Tuesday, November 17, 2009

Breath of Life

22
"I do not know how you came into existence in my womb; it was not I who gave you the breath of life, nor was it I who set in order the elements of which each of you is composed.

23
Therefore, since it is the Creator of the universe who shapes each man's beginning, as he brings about the origin of everything, he, in his mercy, will give you back both breath and life, because you now disregard yourselves for the sake of his law."

2 Maccabees 7.22-23

Sunday, November 15, 2009

HE is presence

Eliot's Video has given me tears of love, I am at peace seeing how they have loved him. I know Our Lord is with us at every moment. And every moment is so precious because HE is presence in every person, - Eliot has given us that message.

Monday, November 2, 2009

Mummy Words, Heals Daddy

My Dearest Baby Jeremiah,

I love you with all my heart. When I think of what the doctors said about you, though it brought much pain to me, I chose to think you were made Perfect and Good by Jesus. The doctors’ words cannot take away the Love I have for you. Every movement that you make, fills me with great JOY for I know you are blessed in HIS cradle and I know HE loves you so much with His INFINITE LOVE.

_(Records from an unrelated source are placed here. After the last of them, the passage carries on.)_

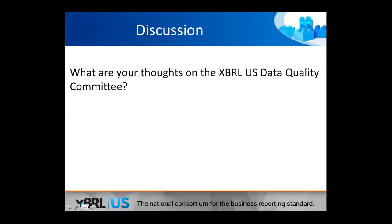Let's go ahead and take our first CPE question. We're going to have two different CPE questions at this point in the program.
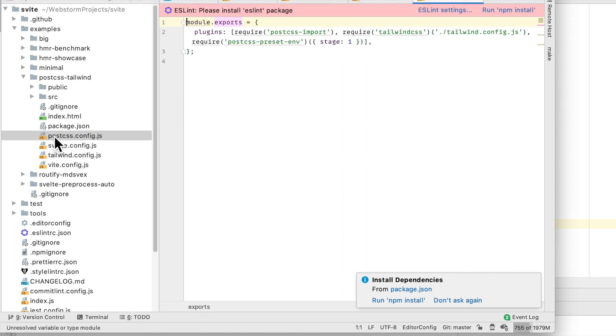And then we've got this post CSS config, which has post CSS import, Tailwind CSS, and this preset environment.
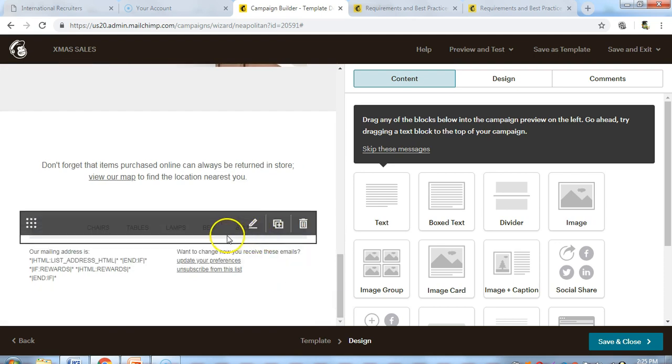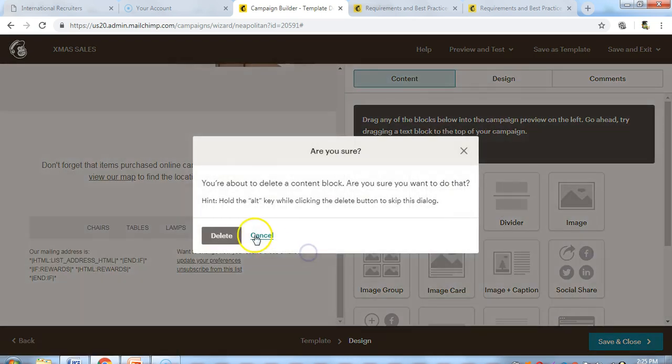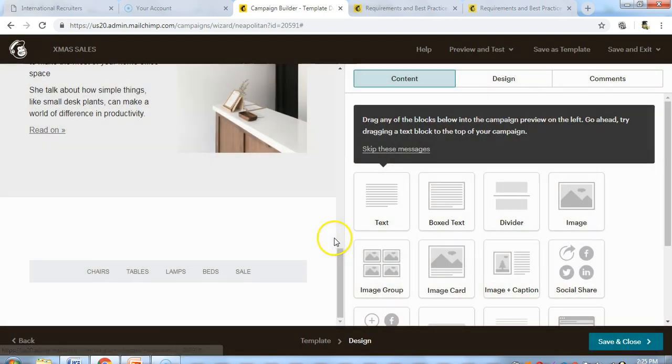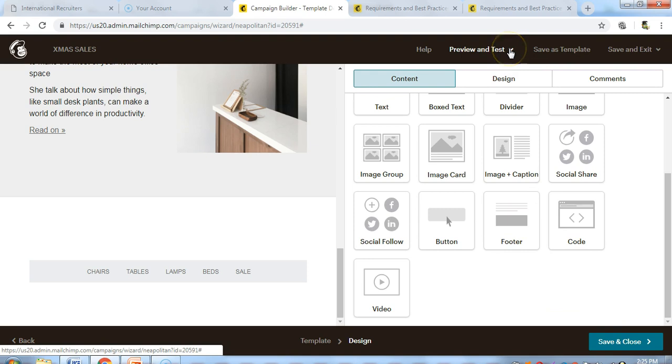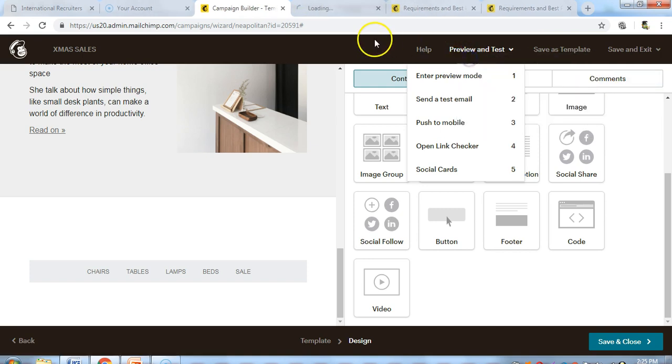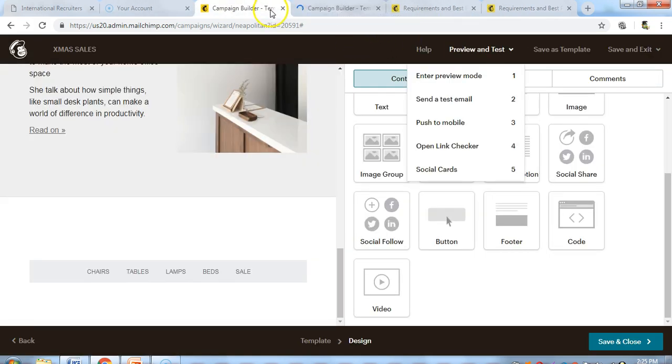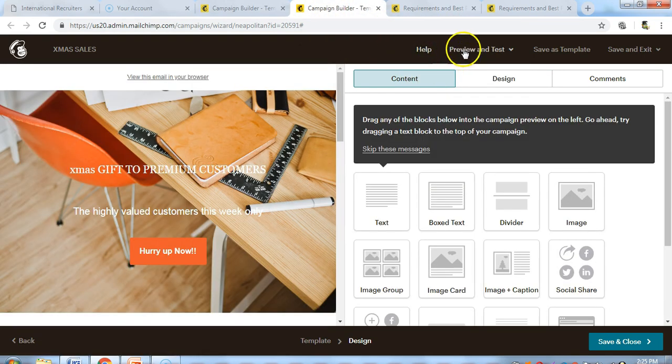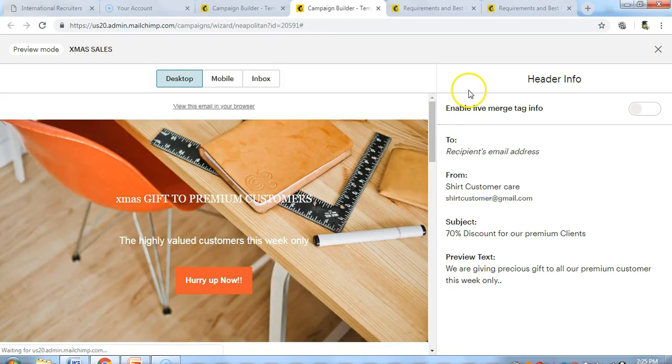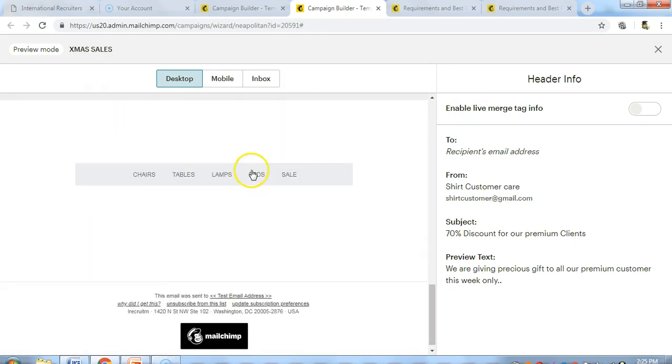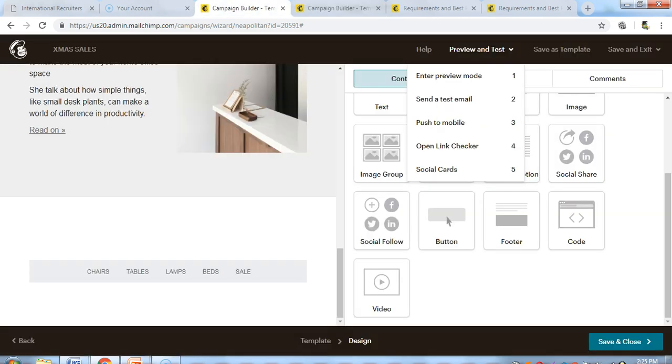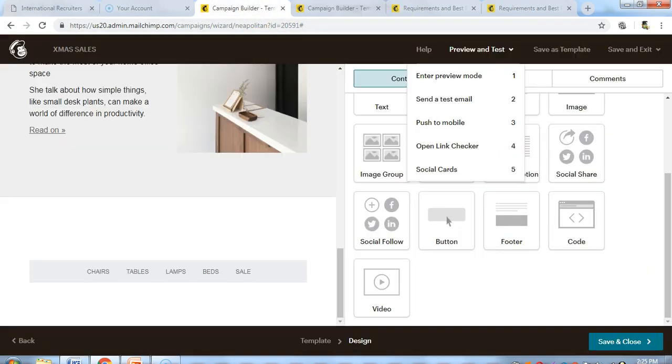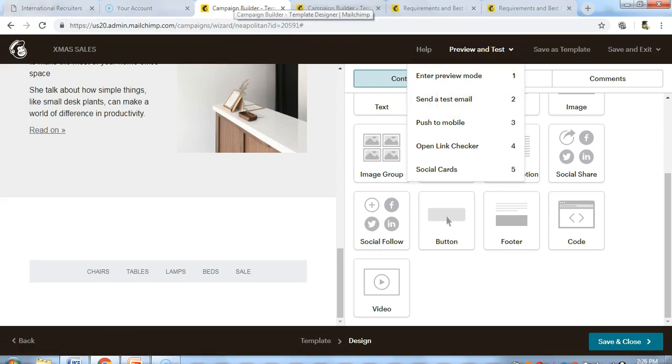Do whatever changes you need to do. The layout is fine. You can preview if you want to see how it looks. You can see the way it looks, which is fine. If you want, you may also want to send a test email. You can always do that. Having done that, we can proceed to save and close.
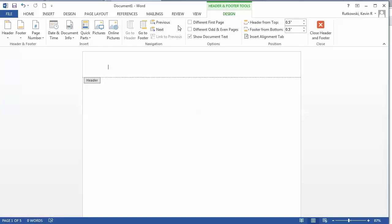In the APA format you want a different first page so you have a running head on your first page. So select under Design, check that box 'Different First Page'. I'm going to type in my running head.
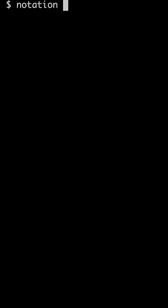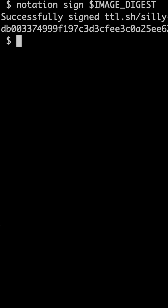So let me do what I should have done right after I built that image. I will sign it with Notary, and by doing that, state that I made it.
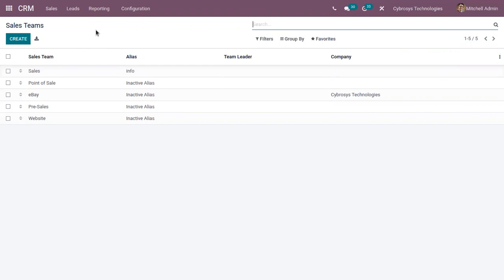That's really helpful. And if you want to know about how a sales team is configured, you can check the link above. We have done a video on how to configure sales teams in Odoo 15 CRM. Don't forget to subscribe to our channel if you want to get the latest updates.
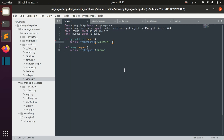This is the first lesson about middleware in Django. In this lesson I will go through the basics of how you can define your own middleware.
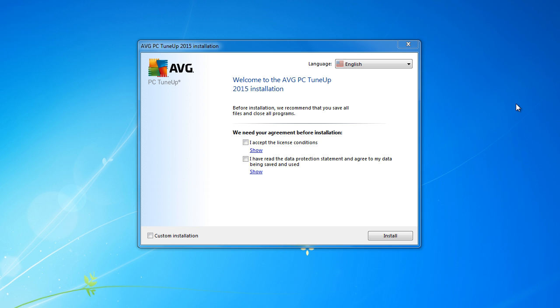Hi guys! In this video I will show you how to install and set up AVG PC TuneUp. This is the latest version for this year. By the way, this is TuneUp utilities. AVG company bought these TuneUp utilities and now they are known as AVG PC TuneUp.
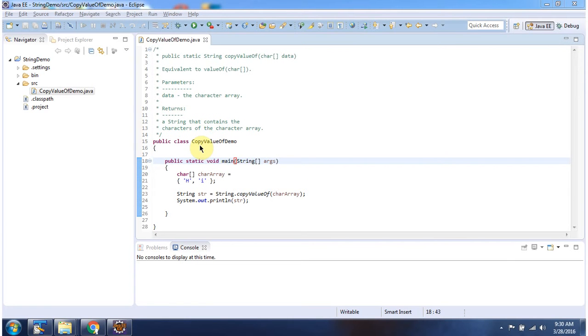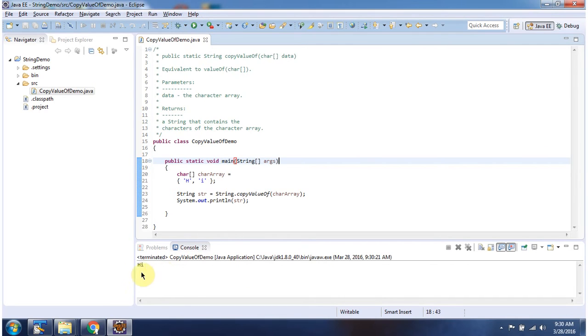Here I have declared the class copyValueOfDemo. It has a main method. I am running this program. Here you can see the output.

Knowing you are so loved by our Eternal Father makes me so happy. How can I dwell in my sadness knowing you are still alive within me? I can only pray to the Lord to sanctify my womb; your world. And to make it HOLY for your being to thrive. May Every song I sing, Every Breath I take, Every laughter and giggles from your brothers sound like Angelic music to your ears! May our deep love for you be felt in the darkness of my womb. A womb full of warmth and a world full of the Lord’s Glory, power and strength we can ever imagine.

I know you are strong because I believe the Lord made you so. Even before you were born, many prayers have been showered upon you to Arise and Resurrect to our Lord’s Glory BUT not to man’s. We anticipate your arrival with Faith and Trust that all is in GOOD hands. My Hope is that you will be able to play with your two brothers who adore you so.
I love you my Dearest Jeremiah.

Mummy
2 Nov 2009


Sunday, November 1, 2009

No doubt; I Believe

It's almost 5 weeks since the first initial prognosis of Jeremiah. We have met so far with three doctors, the last doctor finalize the prognosis, by using a clinical term to epitomize Jeremiah's illness. He is termed to be in a lethal condition. To put it simply he has a short life span, he will die soon. Though none of doctors said Jeremiah is, or will suffer, as they do not know of it scientifically. I know by the facts of Jeremiah's illness, that it will be miserable for him. - I have no doubt in these doctors' prognosis, however I have a greater trust in the Glory and Power of Our Lord.

We cannot perceive the future, only Our Lord has that power. HIS Will for now I know, it is to pray for Jeremiah and to trust in His Purpose for us. It is not against wisdom to believe in HIS power to grant a miracle to us for His Glory. Even if that is not granted, it is His Purpose we will trust. His answer is not yet given for the miracle we seek. It is written, "There is a time for everything under the Heavens," This is the time for us to pray and fast, to ask for Jeremiah to be a fully, completely and able man close to the Heart of Jesus. Until Our Lord answers us, the season has not changed, it is still a time to ask.

Those who reads Jeremiah's blog - Please join us in prayer for Jeremiah, he is expected to be born in March 2010.